The results are shown in Table 1. LL1, LL2, and LL3 significantly inhibited the growth of periodontal disease-causing bacteria relative to NL.

[Example 1] Lactoferrin-encapsulated liposomes were prepared from the sustained-release tablet (A) in the same manner as in Production Example 1. A tablet was produced by uniformly mixing the components (A) and (B) and then tableting.
(A)
Lactoferrin 15.0
Egg yolk lecithin 4.0
Phytosterol 1.0
(B)
Maltitol balance xylitol 20.0
Zein 10.0
Gelatin 5.0
Sucrose fatty acid ester 3.5
Total 100.0

[Test Example 2]
Improvement of periodontal disease with troches containing lactoferrin liposomes Patients with periodontal disease were ingested slowly 3 times a day so that the dissolved components of the tablet were spread in the mouth, and 7 days later When the degree of improvement of periodontal disease was evaluated by a questionnaire, the answer was “Improved”. On the other hand, when a non-liposomal lactoferrin was similarly ingested by a person suffering from periodontal disease for 7 days, an answer that the degree of improvement of periodontal disease did not change was obtained. Lactoferrin is known to have antibacterial activity, but it was confirmed that encapsulating it in liposomes improved the antibacterial activity and improved periodontal disease.

[Prescription example]
A prescription example is shown below. In each formulation, the component (A) is a liposome encapsulating lactoferrin, which is prepared by the same method as the above-described liposome suspension. This was appropriately mixed with the components shown in (B), and oral compositions shown in the respective formulations were prepared by a conventional method.

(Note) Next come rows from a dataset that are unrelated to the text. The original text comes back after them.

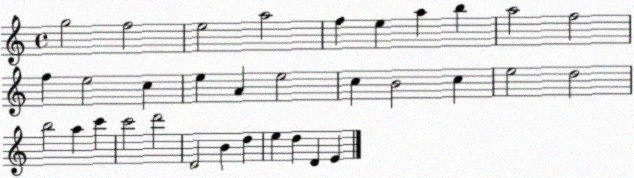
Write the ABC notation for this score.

X:1
T:Untitled
M:4/4
L:1/4
K:C
g2 f2 e2 a2 f e a b a2 f2 f e2 c e A e2 c B2 c e2 d2 b2 a c' c'2 d'2 D2 B d e d D E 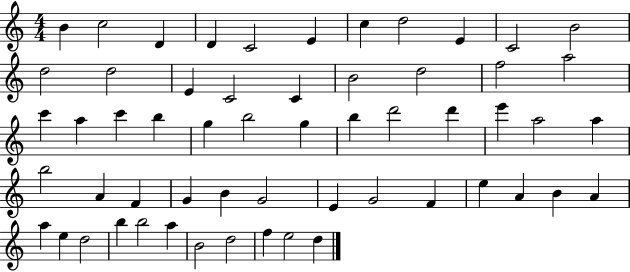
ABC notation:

X:1
T:Untitled
M:4/4
L:1/4
K:C
B c2 D D C2 E c d2 E C2 B2 d2 d2 E C2 C B2 d2 f2 a2 c' a c' b g b2 g b d'2 d' e' a2 a b2 A F G B G2 E G2 F e A B A a e d2 b b2 a B2 d2 f e2 d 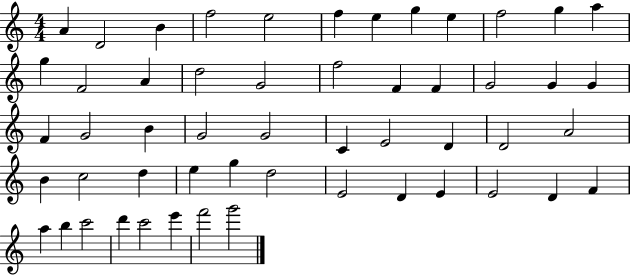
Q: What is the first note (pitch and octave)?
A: A4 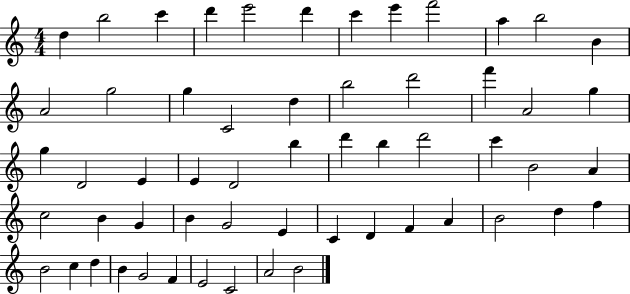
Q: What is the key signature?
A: C major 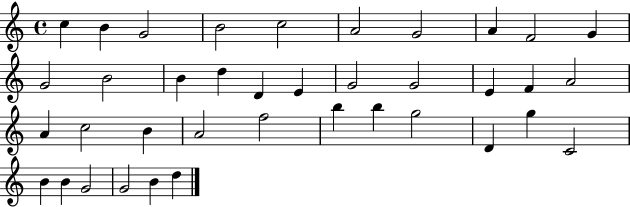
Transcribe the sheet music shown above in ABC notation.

X:1
T:Untitled
M:4/4
L:1/4
K:C
c B G2 B2 c2 A2 G2 A F2 G G2 B2 B d D E G2 G2 E F A2 A c2 B A2 f2 b b g2 D g C2 B B G2 G2 B d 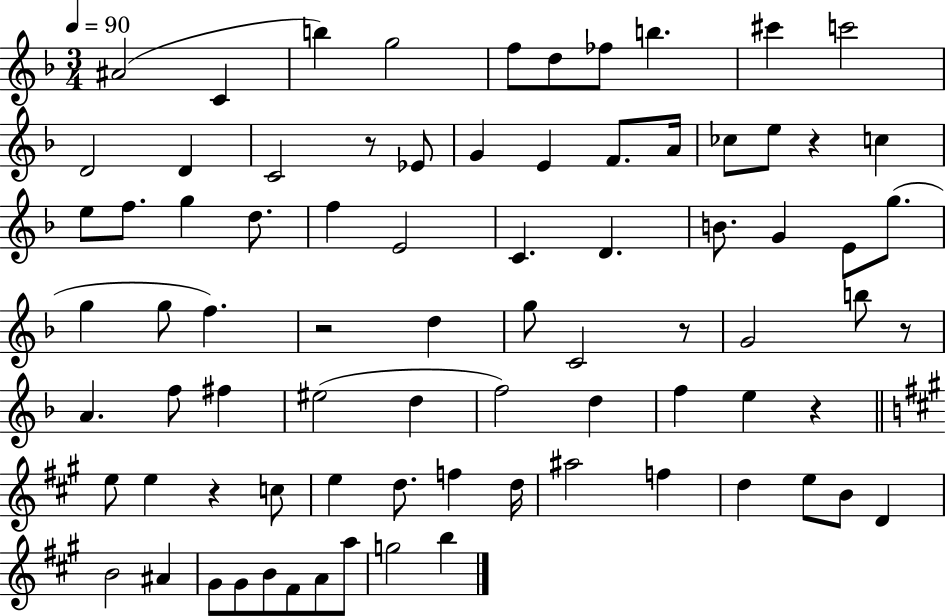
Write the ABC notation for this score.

X:1
T:Untitled
M:3/4
L:1/4
K:F
^A2 C b g2 f/2 d/2 _f/2 b ^c' c'2 D2 D C2 z/2 _E/2 G E F/2 A/4 _c/2 e/2 z c e/2 f/2 g d/2 f E2 C D B/2 G E/2 g/2 g g/2 f z2 d g/2 C2 z/2 G2 b/2 z/2 A f/2 ^f ^e2 d f2 d f e z e/2 e z c/2 e d/2 f d/4 ^a2 f d e/2 B/2 D B2 ^A ^G/2 ^G/2 B/2 ^F/2 A/2 a/2 g2 b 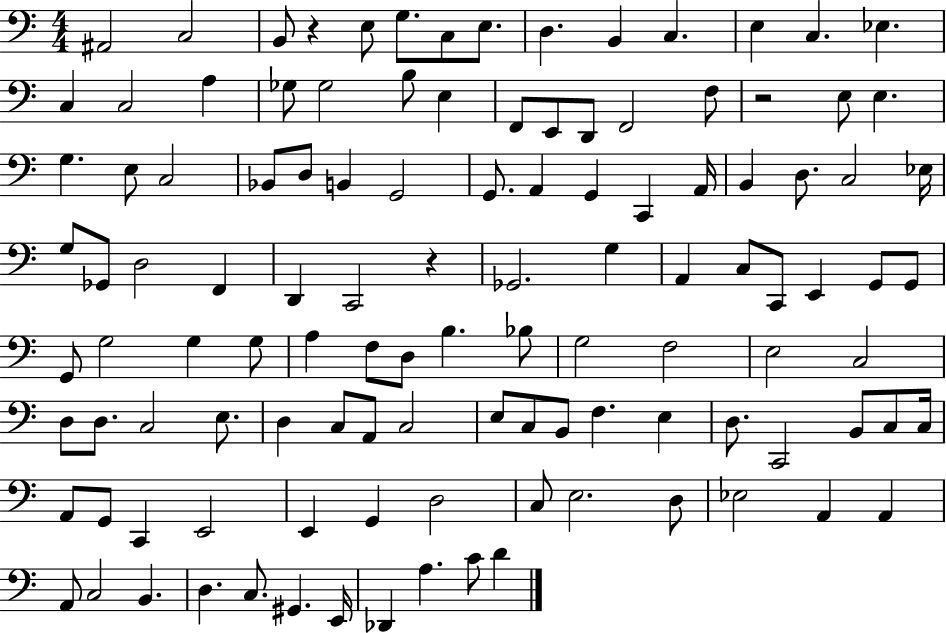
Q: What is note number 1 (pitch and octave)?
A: A#2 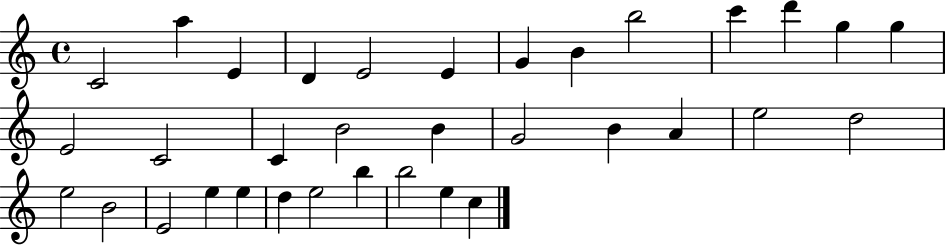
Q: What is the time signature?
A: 4/4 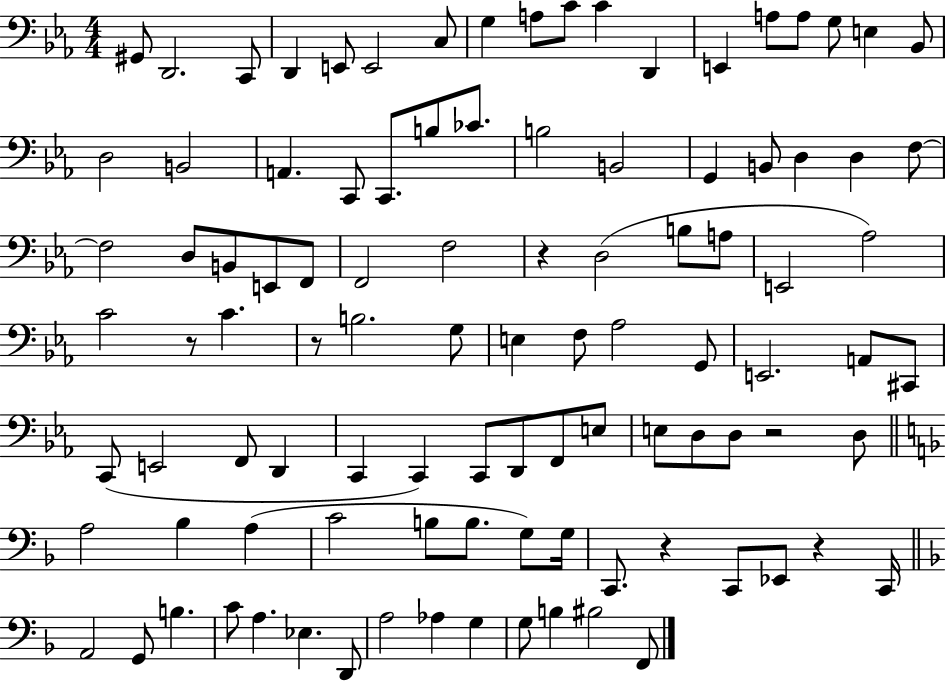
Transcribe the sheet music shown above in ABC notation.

X:1
T:Untitled
M:4/4
L:1/4
K:Eb
^G,,/2 D,,2 C,,/2 D,, E,,/2 E,,2 C,/2 G, A,/2 C/2 C D,, E,, A,/2 A,/2 G,/2 E, _B,,/2 D,2 B,,2 A,, C,,/2 C,,/2 B,/2 _C/2 B,2 B,,2 G,, B,,/2 D, D, F,/2 F,2 D,/2 B,,/2 E,,/2 F,,/2 F,,2 F,2 z D,2 B,/2 A,/2 E,,2 _A,2 C2 z/2 C z/2 B,2 G,/2 E, F,/2 _A,2 G,,/2 E,,2 A,,/2 ^C,,/2 C,,/2 E,,2 F,,/2 D,, C,, C,, C,,/2 D,,/2 F,,/2 E,/2 E,/2 D,/2 D,/2 z2 D,/2 A,2 _B, A, C2 B,/2 B,/2 G,/2 G,/4 C,,/2 z C,,/2 _E,,/2 z C,,/4 A,,2 G,,/2 B, C/2 A, _E, D,,/2 A,2 _A, G, G,/2 B, ^B,2 F,,/2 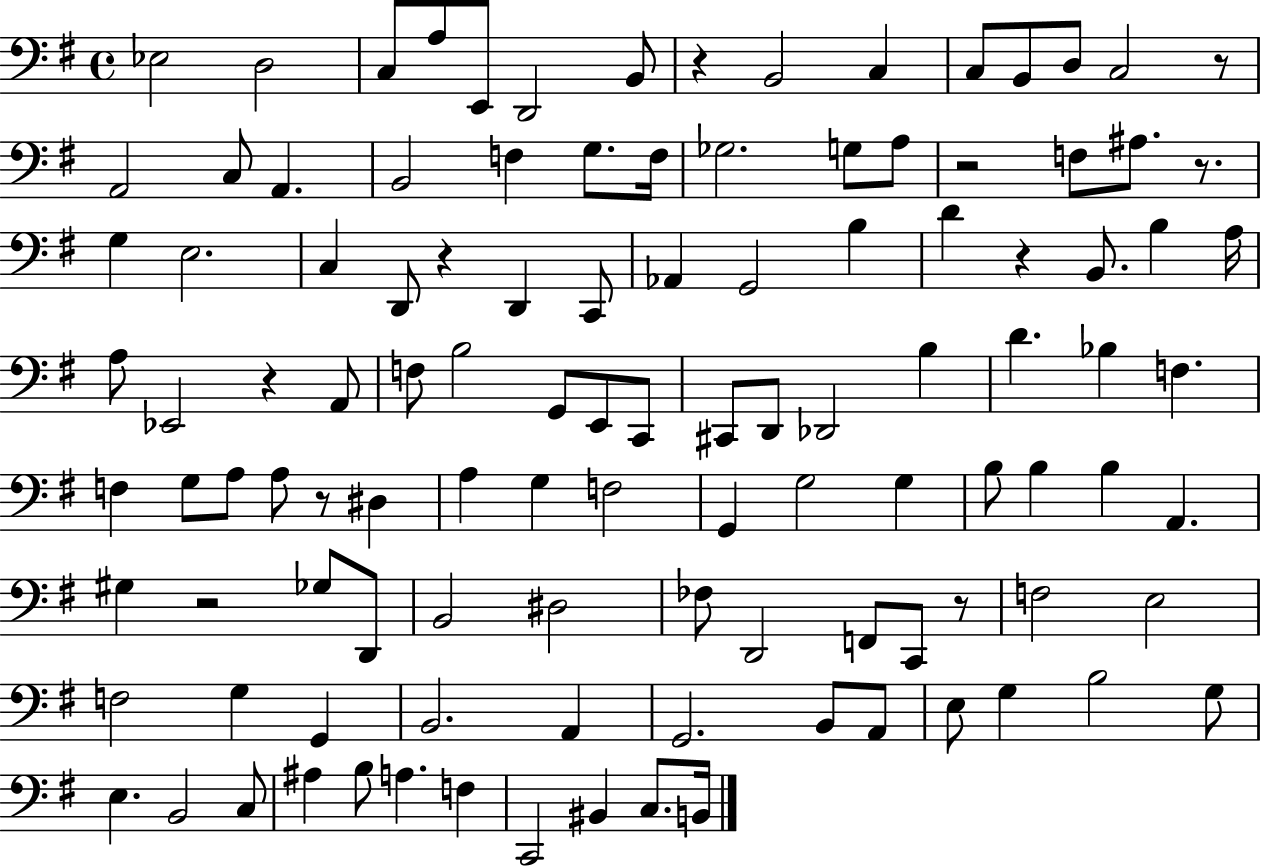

Formulation Example 1 Dentifrice (Toothpaste)
Ingredient Amount (wt%)
(A)
Lactoferrin 0.5
Soy lecithin 0.15
Phytosterol 0.03
(B)
Silicic anhydride 20.0
Glycerin 28.0
Titanium dioxide 0.3
Sodium carboxymethylcellulose 1.3
Methyl paraoxybenzoate 0.2
Saccharin sodium 0.1
Xylitol 9.0
Dl-tocopherol acetate 0.05
Peppermint flavor 0.6
Purified water balance 100.0

Formulation Example 2 Mouthwash component amount (% by weight)
(A)
Lactoferrin 1.0
Egg yolk lecithin 0.5
Phytosterol 0.08
(B)
Ethanol 10.0
Tranexamic acid 0.05
Glycerin 5.0
Citric acid 0.01
Sodium citrate 0.1
Polyoxyethylene hydrogenated castor oil 0.5
Methyl paraoxybenzoate 0.1
Mint perfume Appropriate amount of purified water The remaining balance 100.0

Formulation Example 3 Oral Gel Component Formulation Amount (wt%)
(A)
Lactoferrin 1.0
Egg yolk lecithin 0.3
(B)
Carboxymethylcellulose 0.2
Glycerin 40.0
Purified water balance 100.0

Formulation Example 4 Tablet (A)
Lactoferrin 15.0
Egg yolk lecithin 4.0
Phytosterol 1.0
(B)
Maltitol 42.0
Lactose 20.0
Lactulose 15.0
Sucrose fatty acid ester 3.0
Total 100.0

Formulation Example 5 Candy (A)
Lactoferrin 5.0
Soy lecithin 1.0
Phytosterol 0.2
(B)
Vitamin C 5.0
Xylitol 8.0
Maltitol 10.0
Aspartame 0.1
Fragrance 0.2
Palatinit remaining balance 100.0

Formulation Example 6 Chewable (A)
Lactoferrin 40.0
Egg yolk lecithin 4.0
Phytosterol 0.8
Fucoidan 1.4
(B)
Maltitol 30.0
Xylitol 20.0
Sucrose fatty acid ester 3.0
Fragrance 0.8
Total 100.0

Formulation Example 7 Chewing gum (A)
Lactoferrin 10.0
Soy lecithin 3.0
Phytosterol 0.5
(B)
Calcium carbonate 5.0
Vitamin E 0.1
Gum base 27.0
Erythritol 10.0
Xylitol remaining maltitol 12.0
Fragrance 0.5
Total 100.0

Formulation Example 8 Lozenge (A)
Lactoferrin 12.0
Soy lecithin 4.0
Phytosterol 0.6
(B)
Maltitol 21.0
Gum arabic 1.5
Sucrose fatty acid ester 2.5
Powder flavor 1.0
Citric acid 4.0
Vitamin C 10.0
Xylitol remaining balance 100.0

Claims (2)

An antibacterial agent for oral cavity against periodontal pathogens consisting of multilamellar liposomes encapsulating lactoferrin. The antibacterial agent for oral cavity according to claim 1, wherein the pathogen of periodontal disease is Porphyromonas gingivalis.